■ Supplied data:
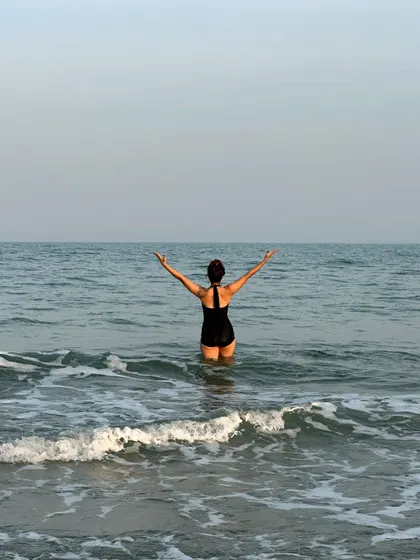 Embracing the vastness of the ocean. There is a powerful sense of freedom and surrender that comes from standing in the sea, letting the waves wash over you.
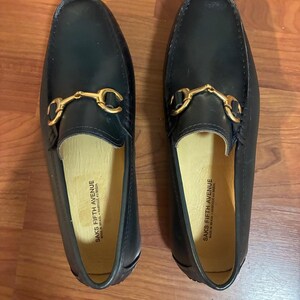 May include: A pair of dark navy blue leather loafers featuring a gold-tone metal horsebit detail across the vamp. The interior lining is light beige and features the text SAKS FIFTH AVENUE MADE IN BRAZIL - FABRIQUE AU BRESIL printed in black.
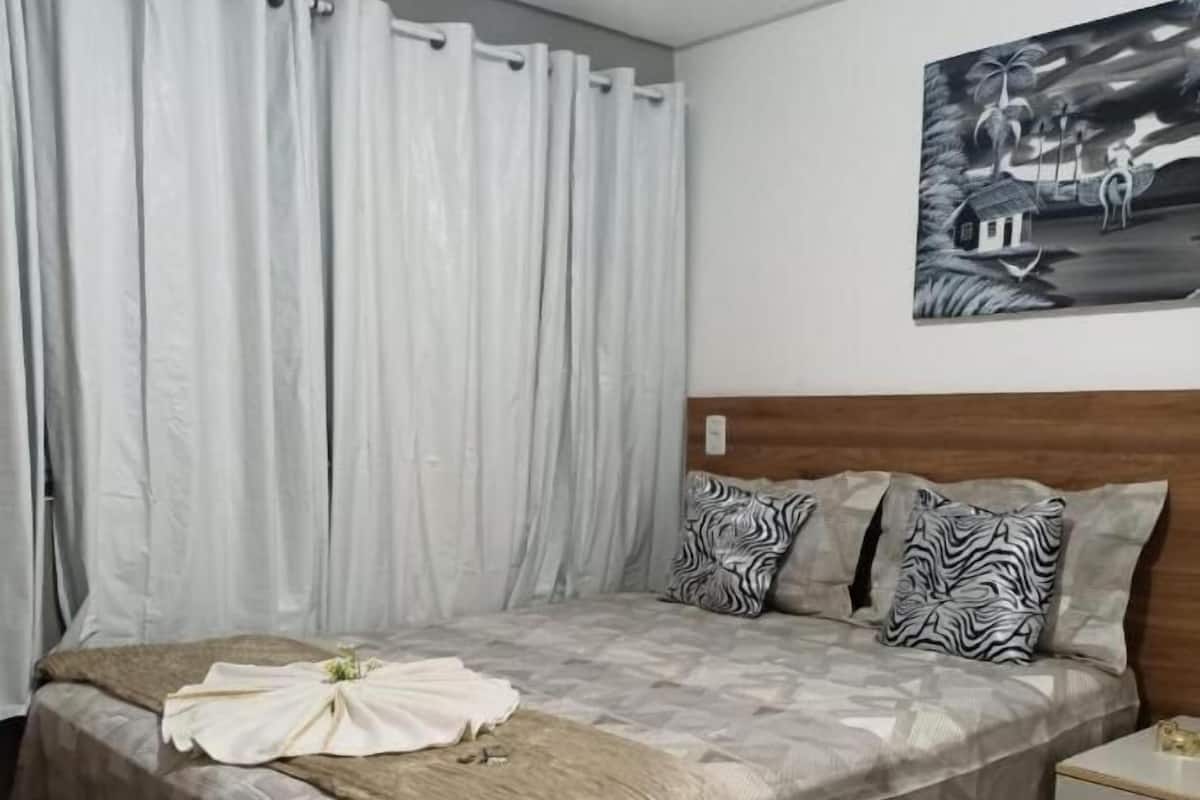 Een slaapkamer met een groot bed, twee kussens, een hoofdeinde, een nachtkastje en een schilderij aan de muur.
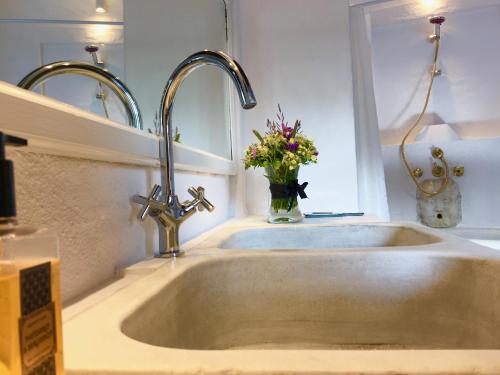 a sink in a kitchen with a vase of flowers at El Molino Estepona in Estepona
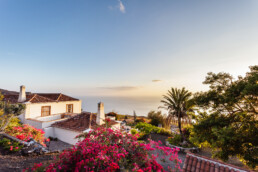 Un sereno paisaje costero al atardecer, con una casa de estilo español con techos de tejas rojas y buganvillas de un vibrante color rosa que envuelven los espacios. Árboles verdes y frondosos enmarcan la vista, mientras el océano se extiende más allá bajo un cielo despejado.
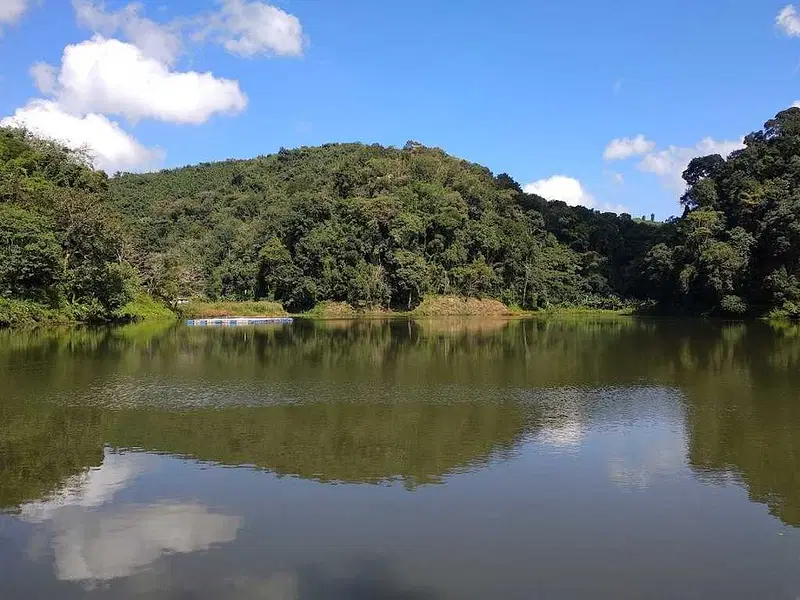 Serene Tamdil Lake surrounded by forests, peaceful natural place to visit near Aizawl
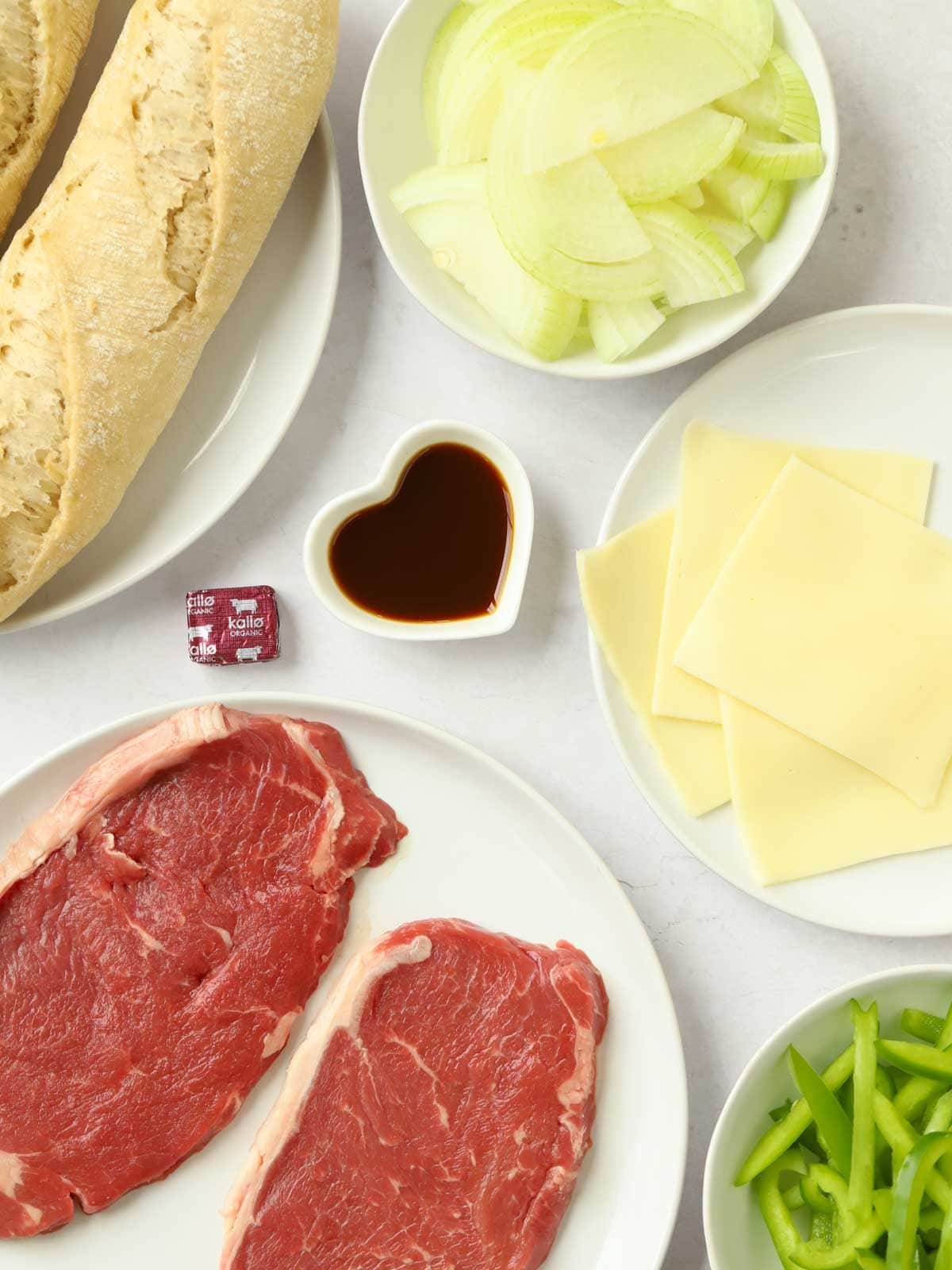 Ingredients for a Philly Cheesesteak laid on a counter.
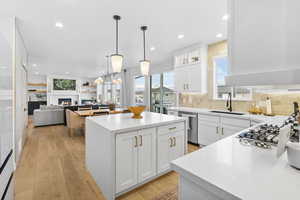 Kitchen with a sink, stainless steel appliances, a kitchen island, light countertops, and white cabinets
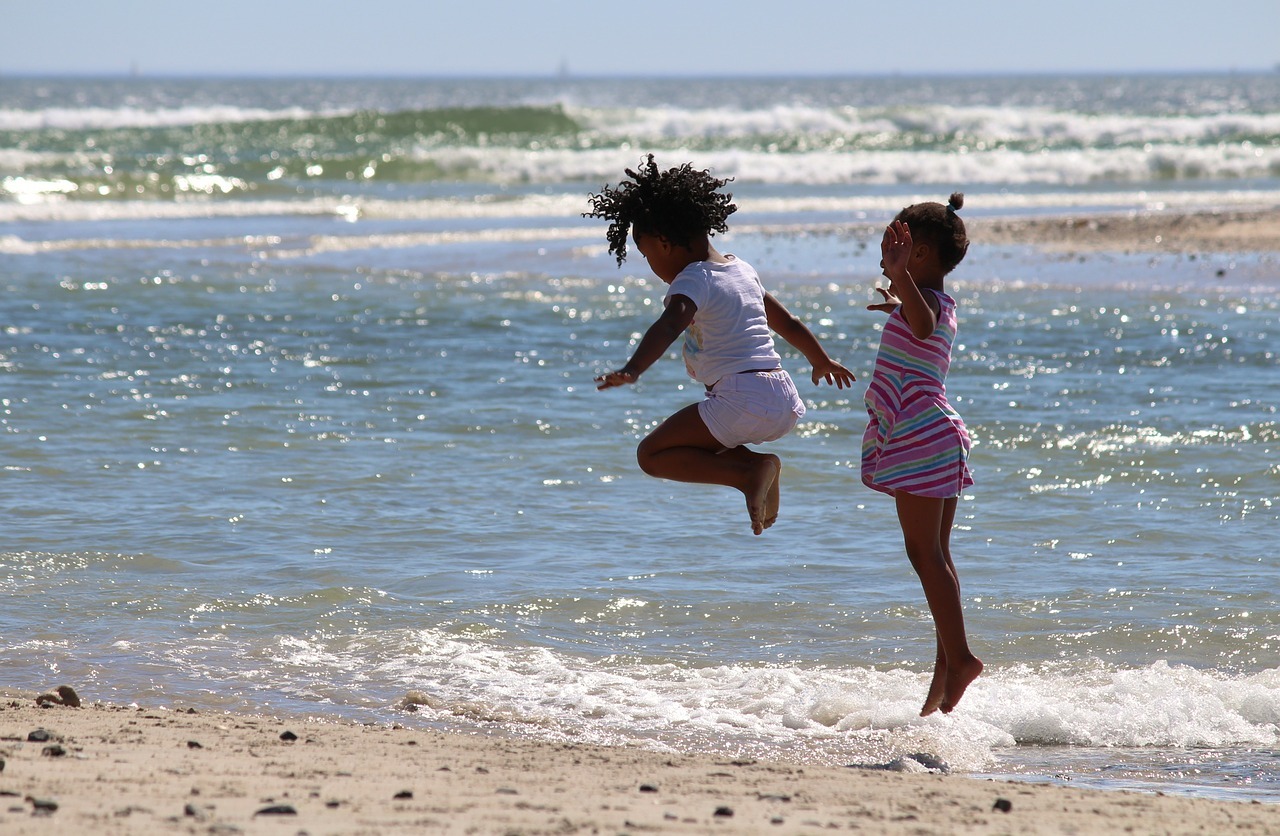 photograph of children jumping in the ocean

■ Required action: Every line above must be printed again exactly, pictures excluded.

■ Task result:
 Embracing the vastness of the ocean. There is a powerful sense of freedom and surrender that comes from standing in the sea, letting the waves wash over you.
 May include: A pair of dark navy blue leather loafers featuring a gold-tone metal horsebit detail across the vamp. The interior lining is light beige and features the text SAKS FIFTH AVENUE MADE IN BRAZIL - FABRIQUE AU BRESIL printed in black.
 Een slaapkamer met een groot bed, twee kussens, een hoofdeinde, een nachtkastje en een schilderij aan de muur.
 a sink in a kitchen with a vase of flowers at El Molino Estepona in Estepona
 Un sereno paisaje costero al atardecer, con una casa de estilo español con techos de tejas rojas y buganvillas de un vibrante color rosa que envuelven los espacios. Árboles verdes y frondosos enmarcan la vista, mientras el océano se extiende más allá bajo un cielo despejado.
 Serene Tamdil Lake surrounded by forests, peaceful natural place to visit near Aizawl
 Ingredients for a Philly Cheesesteak laid on a counter.
 Kitchen with a sink, stainless steel appliances, a kitchen island, light countertops, and white cabinets
 photograph of children jumping in the ocean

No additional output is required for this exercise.